[Instructions for the task]
Give back the full material exactly. Omit no line.

::::::

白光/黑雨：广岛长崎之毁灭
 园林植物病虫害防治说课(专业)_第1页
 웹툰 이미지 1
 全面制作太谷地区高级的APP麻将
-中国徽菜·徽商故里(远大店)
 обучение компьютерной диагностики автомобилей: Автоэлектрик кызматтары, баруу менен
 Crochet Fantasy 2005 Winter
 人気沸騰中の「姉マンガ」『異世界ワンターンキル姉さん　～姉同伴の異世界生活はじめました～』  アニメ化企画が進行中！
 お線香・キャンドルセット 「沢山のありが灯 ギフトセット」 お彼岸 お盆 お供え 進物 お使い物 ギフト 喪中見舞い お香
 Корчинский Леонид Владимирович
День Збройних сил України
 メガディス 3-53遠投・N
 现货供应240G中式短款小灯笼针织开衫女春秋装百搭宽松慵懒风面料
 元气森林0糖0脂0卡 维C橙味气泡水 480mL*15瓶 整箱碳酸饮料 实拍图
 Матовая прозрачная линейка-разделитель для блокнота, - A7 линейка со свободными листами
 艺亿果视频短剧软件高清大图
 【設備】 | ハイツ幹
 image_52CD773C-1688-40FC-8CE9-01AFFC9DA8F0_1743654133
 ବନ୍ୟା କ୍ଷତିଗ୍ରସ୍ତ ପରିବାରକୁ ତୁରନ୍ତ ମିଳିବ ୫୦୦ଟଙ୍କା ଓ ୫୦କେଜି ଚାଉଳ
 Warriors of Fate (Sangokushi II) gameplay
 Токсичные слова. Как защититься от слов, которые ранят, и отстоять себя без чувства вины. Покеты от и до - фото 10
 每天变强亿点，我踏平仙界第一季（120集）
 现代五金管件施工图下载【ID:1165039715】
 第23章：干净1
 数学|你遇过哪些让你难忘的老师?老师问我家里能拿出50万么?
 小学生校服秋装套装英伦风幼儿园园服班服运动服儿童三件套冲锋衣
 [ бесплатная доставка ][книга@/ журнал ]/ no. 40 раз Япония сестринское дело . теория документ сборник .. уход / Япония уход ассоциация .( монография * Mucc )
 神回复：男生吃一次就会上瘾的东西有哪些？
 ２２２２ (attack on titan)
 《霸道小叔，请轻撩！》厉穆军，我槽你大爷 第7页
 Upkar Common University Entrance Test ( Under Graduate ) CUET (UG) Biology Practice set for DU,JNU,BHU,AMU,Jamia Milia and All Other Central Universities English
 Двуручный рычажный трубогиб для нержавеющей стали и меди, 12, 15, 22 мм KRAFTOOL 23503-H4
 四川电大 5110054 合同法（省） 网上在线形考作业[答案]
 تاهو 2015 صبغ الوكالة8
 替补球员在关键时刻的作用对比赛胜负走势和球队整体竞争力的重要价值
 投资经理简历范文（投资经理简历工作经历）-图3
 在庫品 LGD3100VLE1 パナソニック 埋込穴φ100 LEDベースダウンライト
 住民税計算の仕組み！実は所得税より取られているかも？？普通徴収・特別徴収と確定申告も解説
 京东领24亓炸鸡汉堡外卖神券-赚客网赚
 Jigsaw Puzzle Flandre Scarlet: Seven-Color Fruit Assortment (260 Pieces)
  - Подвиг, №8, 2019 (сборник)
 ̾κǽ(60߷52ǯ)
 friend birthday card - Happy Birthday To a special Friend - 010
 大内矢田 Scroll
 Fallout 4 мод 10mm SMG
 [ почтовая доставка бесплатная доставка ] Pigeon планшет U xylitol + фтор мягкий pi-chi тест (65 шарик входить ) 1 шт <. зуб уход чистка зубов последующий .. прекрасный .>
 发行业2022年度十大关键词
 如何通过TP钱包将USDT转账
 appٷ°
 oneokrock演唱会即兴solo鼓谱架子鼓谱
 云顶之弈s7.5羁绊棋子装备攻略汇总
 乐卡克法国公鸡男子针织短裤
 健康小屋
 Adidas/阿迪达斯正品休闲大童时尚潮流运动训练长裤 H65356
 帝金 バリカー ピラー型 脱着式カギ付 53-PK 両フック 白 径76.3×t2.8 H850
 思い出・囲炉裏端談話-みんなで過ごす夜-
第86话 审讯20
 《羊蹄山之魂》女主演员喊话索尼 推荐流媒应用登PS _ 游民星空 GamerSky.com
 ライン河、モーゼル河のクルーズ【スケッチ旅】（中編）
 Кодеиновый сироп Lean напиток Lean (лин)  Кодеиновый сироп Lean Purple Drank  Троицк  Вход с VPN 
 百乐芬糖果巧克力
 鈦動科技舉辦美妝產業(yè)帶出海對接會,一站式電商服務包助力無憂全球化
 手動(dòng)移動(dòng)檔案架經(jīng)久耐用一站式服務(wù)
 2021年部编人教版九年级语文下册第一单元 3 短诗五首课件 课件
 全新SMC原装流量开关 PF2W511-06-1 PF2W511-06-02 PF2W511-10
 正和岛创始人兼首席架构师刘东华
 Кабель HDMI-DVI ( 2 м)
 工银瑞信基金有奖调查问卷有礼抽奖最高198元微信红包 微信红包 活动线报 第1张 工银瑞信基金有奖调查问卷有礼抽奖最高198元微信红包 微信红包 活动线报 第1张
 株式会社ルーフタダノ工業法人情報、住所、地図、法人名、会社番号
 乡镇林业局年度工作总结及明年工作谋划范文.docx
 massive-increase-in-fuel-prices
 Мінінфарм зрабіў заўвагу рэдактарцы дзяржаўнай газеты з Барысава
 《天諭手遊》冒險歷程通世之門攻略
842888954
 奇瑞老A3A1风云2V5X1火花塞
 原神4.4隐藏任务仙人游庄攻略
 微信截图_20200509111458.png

::::::

[Solution for this task]
白光/黑雨：广岛长崎之毁灭
 园林植物病虫害防治说课(专业)_第1页
 웹툰 이미지 1
 全面制作太谷地区高级的APP麻将
-中国徽菜·徽商故里(远大店)
 обучение компьютерной диагностики автомобилей: Автоэлектрик кызматтары, баруу менен
 Crochet Fantasy 2005 Winter
 人気沸騰中の「姉マンガ」『異世界ワンターンキル姉さん　～姉同伴の異世界生活はじめました～』  アニメ化企画が進行中！
 お線香・キャンドルセット 「沢山のありが灯 ギフトセット」 お彼岸 お盆 お供え 進物 お使い物 ギフト 喪中見舞い お香
 Корчинский Леонид Владимирович
День Збройних сил України
 メガディス 3-53遠投・N
 现货供应240G中式短款小灯笼针织开衫女春秋装百搭宽松慵懒风面料
 元气森林0糖0脂0卡 维C橙味气泡水 480mL*15瓶 整箱碳酸饮料 实拍图
 Матовая прозрачная линейка-разделитель для блокнота, - A7 линейка со свободными листами
 艺亿果视频短剧软件高清大图
 【設備】 | ハイツ幹
 image_52CD773C-1688-40FC-8CE9-01AFFC9DA8F0_1743654133
 ବନ୍ୟା କ୍ଷତିଗ୍ରସ୍ତ ପରିବାରକୁ ତୁରନ୍ତ ମିଳିବ ୫୦୦ଟଙ୍କା ଓ ୫୦କେଜି ଚାଉଳ
 Warriors of Fate (Sangokushi II) gameplay
 Токсичные слова. Как защититься от слов, которые ранят, и отстоять себя без чувства вины. Покеты от и до - фото 10
 每天变强亿点，我踏平仙界第一季（120集）
 现代五金管件施工图下载【ID:1165039715】
 第23章：干净1
 数学|你遇过哪些让你难忘的老师?老师问我家里能拿出50万么?
 小学生校服秋装套装英伦风幼儿园园服班服运动服儿童三件套冲锋衣
 [ бесплатная доставка ][книга@/ журнал ]/ no. 40 раз Япония сестринское дело . теория документ сборник .. уход / Япония уход ассоциация .( монография * Mucc )
 神回复：男生吃一次就会上瘾的东西有哪些？
 ２２２２ (attack on titan)
 《霸道小叔，请轻撩！》厉穆军，我槽你大爷 第7页
 Upkar Common University Entrance Test ( Under Graduate ) CUET (UG) Biology Practice set for DU,JNU,BHU,AMU,Jamia Milia and All Other Central Universities English
 Двуручный рычажный трубогиб для нержавеющей стали и меди, 12, 15, 22 мм KRAFTOOL 23503-H4
 四川电大 5110054 合同法（省） 网上在线形考作业[答案]
 تاهو 2015 صبغ الوكالة8
 替补球员在关键时刻的作用对比赛胜负走势和球队整体竞争力的重要价值
 投资经理简历范文（投资经理简历工作经历）-图3
 在庫品 LGD3100VLE1 パナソニック 埋込穴φ100 LEDベースダウンライト
 住民税計算の仕組み！実は所得税より取られているかも？？普通徴収・特別徴収と確定申告も解説
 京东领24亓炸鸡汉堡外卖神券-赚客网赚
 Jigsaw Puzzle Flandre Scarlet: Seven-Color Fruit Assortment (260 Pieces)
  - Подвиг, №8, 2019 (сборник)
 ̾κǽ(60߷52ǯ)
 friend birthday card - Happy Birthday To a special Friend - 010
 大内矢田 Scroll
 Fallout 4 мод 10mm SMG
 [ почтовая доставка бесплатная доставка ] Pigeon планшет U xylitol + фтор мягкий pi-chi тест (65 шарик входить ) 1 шт <. зуб уход чистка зубов последующий .. прекрасный .>
 发行业2022年度十大关键词
 如何通过TP钱包将USDT转账
 appٷ°
 oneokrock演唱会即兴solo鼓谱架子鼓谱
 云顶之弈s7.5羁绊棋子装备攻略汇总
 乐卡克法国公鸡男子针织短裤
 健康小屋
 Adidas/阿迪达斯正品休闲大童时尚潮流运动训练长裤 H65356
 帝金 バリカー ピラー型 脱着式カギ付 53-PK 両フック 白 径76.3×t2.8 H850
 思い出・囲炉裏端談話-みんなで過ごす夜-
第86话 审讯20
 《羊蹄山之魂》女主演员喊话索尼 推荐流媒应用登PS _ 游民星空 GamerSky.com
 ライン河、モーゼル河のクルーズ【スケッチ旅】（中編）
 Кодеиновый сироп Lean напиток Lean (лин)  Кодеиновый сироп Lean Purple Drank  Троицк  Вход с VPN 
 百乐芬糖果巧克力
 鈦動科技舉辦美妝產業(yè)帶出海對接會,一站式電商服務包助力無憂全球化
 手動(dòng)移動(dòng)檔案架經(jīng)久耐用一站式服務(wù)
 2021年部编人教版九年级语文下册第一单元 3 短诗五首课件 课件
 全新SMC原装流量开关 PF2W511-06-1 PF2W511-06-02 PF2W511-10
 正和岛创始人兼首席架构师刘东华
 Кабель HDMI-DVI ( 2 м)
 工银瑞信基金有奖调查问卷有礼抽奖最高198元微信红包 微信红包 活动线报 第1张 工银瑞信基金有奖调查问卷有礼抽奖最高198元微信红包 微信红包 活动线报 第1张
 株式会社ルーフタダノ工業法人情報、住所、地図、法人名、会社番号
 乡镇林业局年度工作总结及明年工作谋划范文.docx
 massive-increase-in-fuel-prices
 Мінінфарм зрабіў заўвагу рэдактарцы дзяржаўнай газеты з Барысава
 《天諭手遊》冒險歷程通世之門攻略
842888954
 奇瑞老A3A1风云2V5X1火花塞
 原神4.4隐藏任务仙人游庄攻略
 微信截图_20200509111458.png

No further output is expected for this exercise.